What is Fintech & How Does it Work?
People used to stand on the corner of a city intersection and see their options for banking. On one side of the street, there was this national bank; on the other side, there was that regional bank. How your money was handled, your mortgage rate was determined, your investments were managed – everything was contingent on which side of the street you chose.
Thankfully, that’s changing.
Fintech is skyrocketing in popularity, posing the first serious challenge to legacy financial institutions. In this article, let’s review the basics of fintech. What is it, and how does it work? If you’re curious about the current financial landscape, consider this a beginner’s resource.
Fintech is a portmanteau of “financial technology.” Broadly, it refers to technologies that improve financial services – either by making them faster or more accessible, automating certain processes, or delivering services in a more user-friendly way.
Often, however, when you hear someone refer to “fintech,” they’re talking collectively about the companies and platforms that leverage financial technology. For instance, you might hear: “2022 has been a banner year for fintech.” (Which is true, by the way).
How does fintech work? Let’s explore a few common value props you hear from fintech companies.
Legacy financial institutions (i.e., the big banks on the corner of the street) have enjoyed a near-total monopoly on the common person’s finances for centuries. Now, with the advent of decentralized cryptocurrency, the ascendancy of secure blockchain technology, and almost complete internet penetration across demographics, people are increasingly turning to digital solutions as an alternative.
For example, take the recent class on personal finance and investment apps, like Green Dot, Coinbase, and the headline-attracting Robinhood.

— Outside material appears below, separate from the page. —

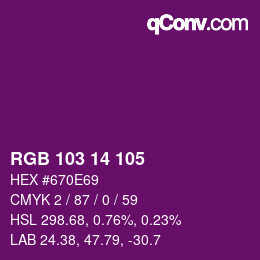颜色代码: RGB 103 14 105 | qconv.com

Fintech companies streamline several onerous or time-consuming processes involved in banking and investing. A fintech app might offer investors a way to quickly buy and sell stocks, or an easy way to transfer money (PayPal is a popular example). Some fintech helps streamline company processes, like spend reconciliation and payment authorization.
Proptech (a close cousin of fintech dealing in real estate technology) can even streamline the process of buying and selling a home. “We’ve massively simplified the whole process,” says Regan McGee of his company Nobul.
“People think buying and selling real estate is complicated, but that’s a way for agents to justify their fees.” McGee’s company leverages AI-powered algorithms to match consumers with real estate agents, proving that technology can improve even the most complex consumer transactions.
The Bottom Line: Accessibility, Affordability, and Transparency
There’s a common theme in all fintech and fintech companies, whether it’s a personal finance app or real estate digital marketplace: they bring accessibility, affordability, and transparency to a traditionally exclusive, cost-prohibitive, and opaque industry.
Fintech offers a simpler way to handle all things related to money – sending it, trading it, tracking it, and using it wisely to buy your first home.